Along with the ratings, they could edit each one for time, so for example, the PG-13 version would be short enough so that it would not be agonizing for younger teens to sit through. The longer the movie the more graphic.
The R version would be for theater and DVD, with the NC-17 (or “unrated”) version would only be for Blu-ray.
This could be a huge marketing gimmick. Show the PG-13 version in theater matinees, PG in evening shows, and release the R version in theaters at the same time as the R rated DVD is released, and the NC-17 (”unrated”) version as the “collector’s edition”, on Blu-ray only.
I disagree with your assessment.
With all of the unbelievable trashy crap coming out of Hollywood in recent memory, The Hobbit was at least very well done and followed the book as best I can remember.
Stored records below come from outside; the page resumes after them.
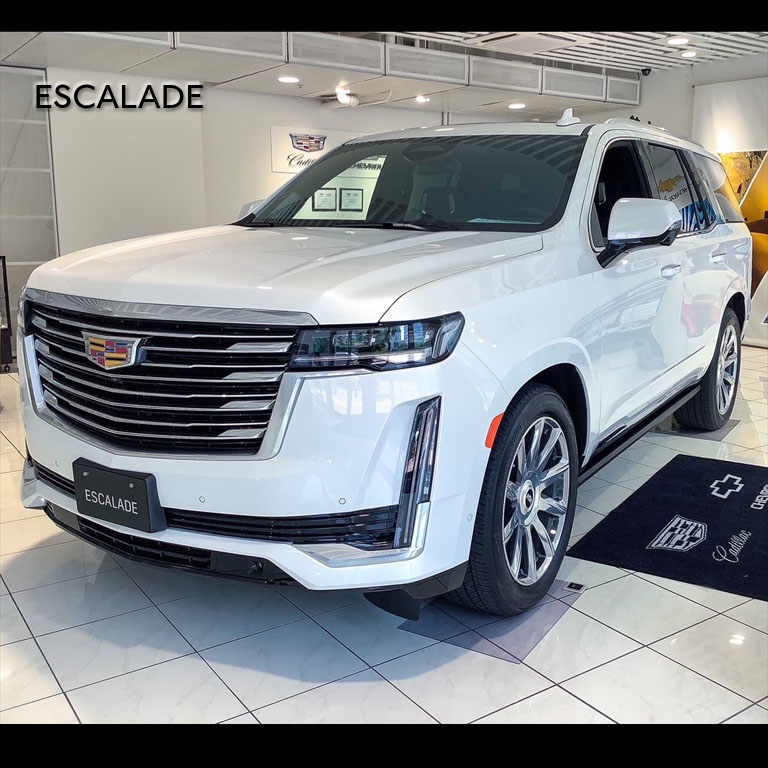 最新版【展示車】キャデラック ESCALADE  Platinum (新車)！！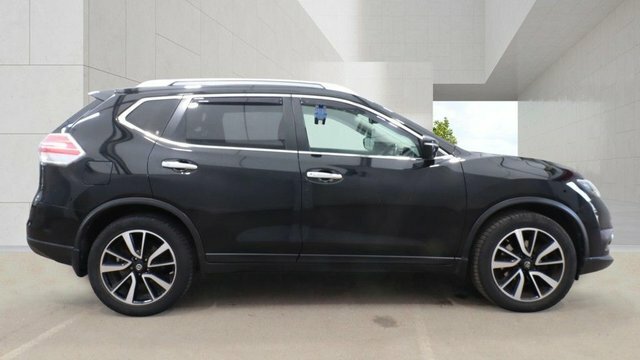 Nissan X-Trail Dci N-tec Suv Black #6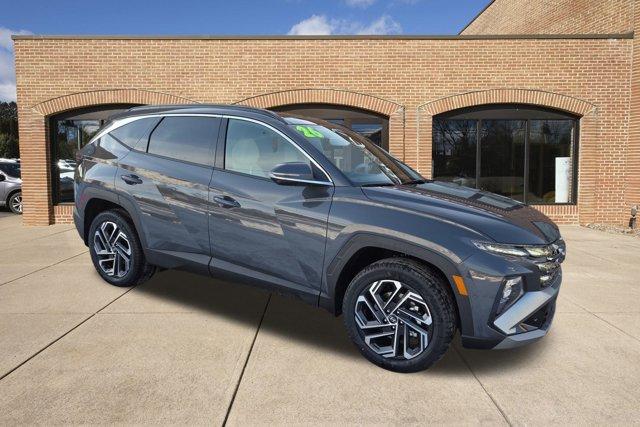 New 2026 Hyundai TUCSON Limited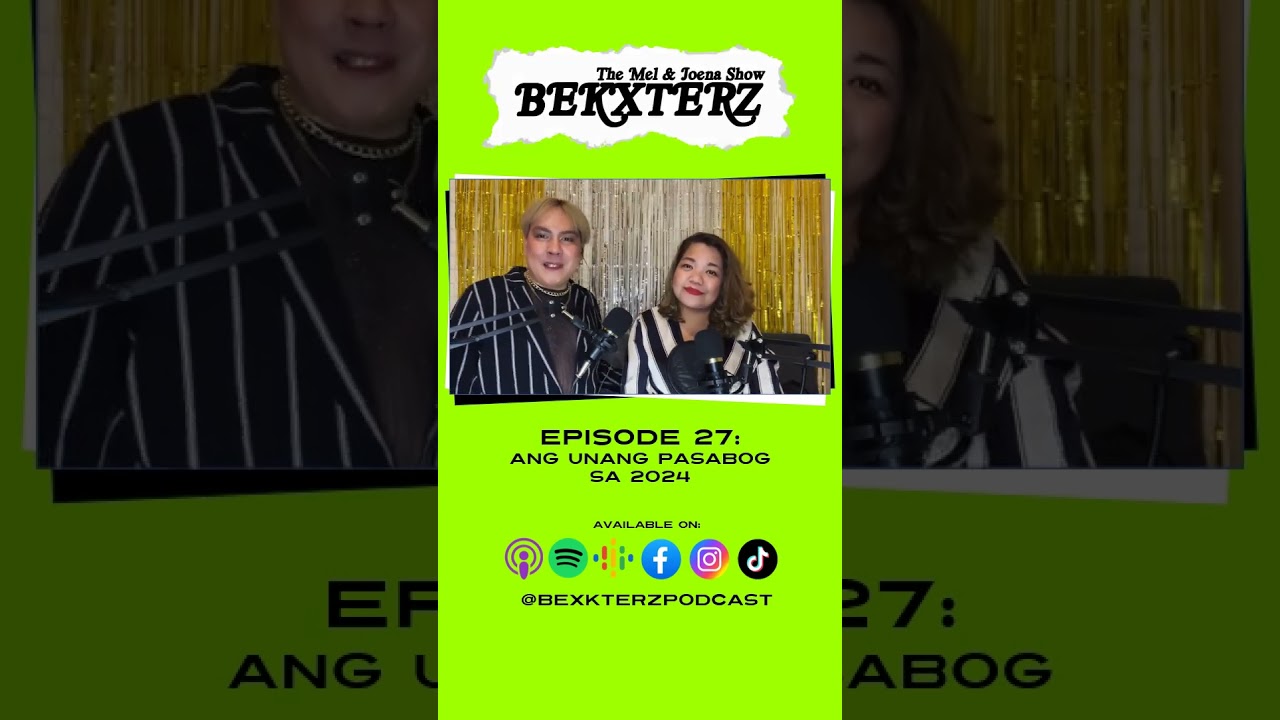 WELCOME TO OUR PODCAST! #podcast #bekxterz #bexterzpodcast #podcastph #shorts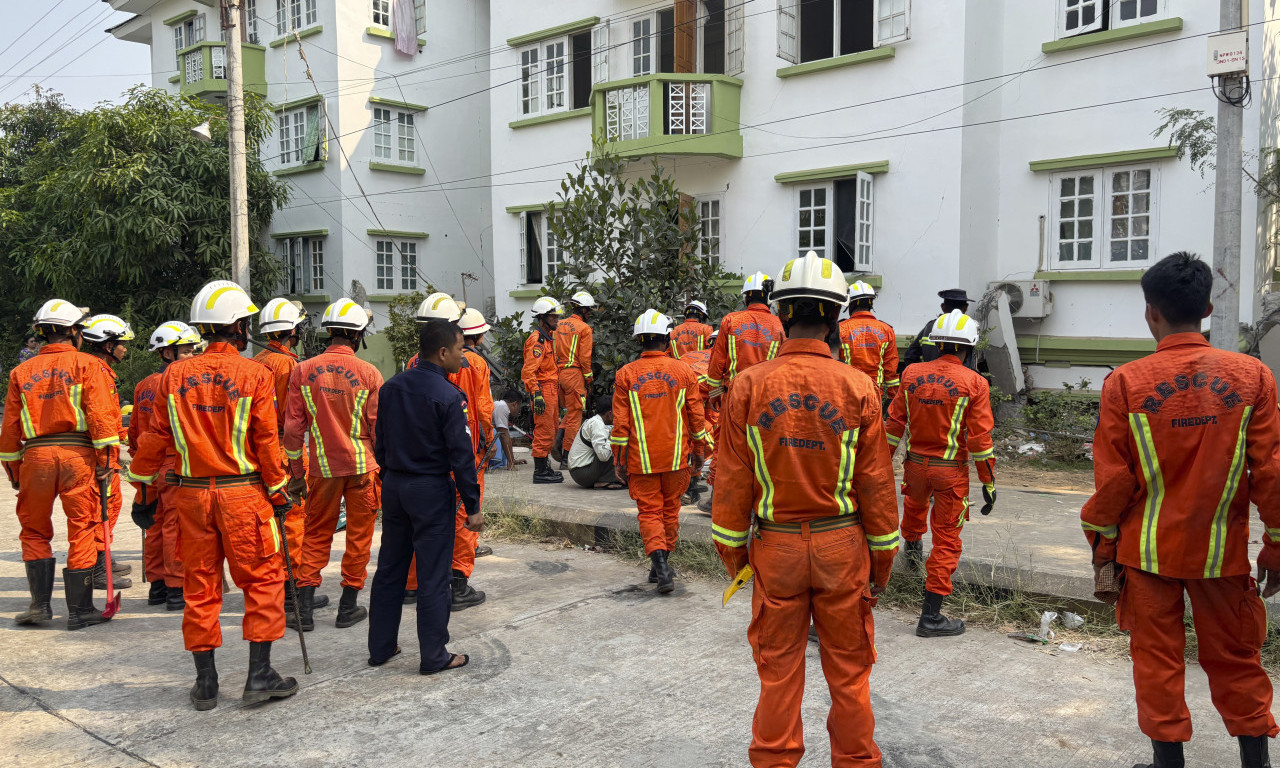UŽAS NA TAJLANDU Evakuisane zgrade na kojima su se pojavile pukotine - tlo još podrhtava! (FOTO)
I have read it several times, along with the LotR trilogy since college in the 60’s, and found it delightfully entertaining. I go to the movies to be entertained, not to be a critic. If I don’t like something, I just shrug and say, “Well, I guess should have saved my money and waited for that one to come out on HBO”.
But to say this movie was “terrible”? This movie was by no means terrible. What movies do you normally see that are so “good” in comparison? Much to do about nothing, in my opinion. It is just a movie after all. And about a fantasy world at that.
Some people aren’t happy with anything in the world. Trust me, I know several. They would find something to complain about this movie and most other things in their lives because they see the world through that prism of the glass is half empty and bemoan how it is going to be completely empty soon. Whoa is me! I see the world through the prism of the glass is half full and am thankful for the advantage of even having some water to drink and how I should count my blessings in life and not focus on all the little things to complain about. Including this movie. I enjoyed it. I wanted it to keep going. I can’t wait for the subsequent parts to be released.
It’s getting close to shark jumping time. Jackson presents a hunky Thoren, and seems one blandishments away from adding Ewoks. Jar-Jar, the Goblin King indeed.
That’s nice. Start a blog and pimp it. I’ll spend my money however I like regardless of your approval.
I agree with you about the Golbin King. I had to rationalize that one a bit. The Hobbit was written as a children's story, early in Tolkein's career and long before LOTR was published. The story got darker as Tolkein developed it. A lighter touch in The Hobbit follows Tolkein's creative arc, but it's jarring if one has seen LOTR first.
I still didn't like the Goblin King, though.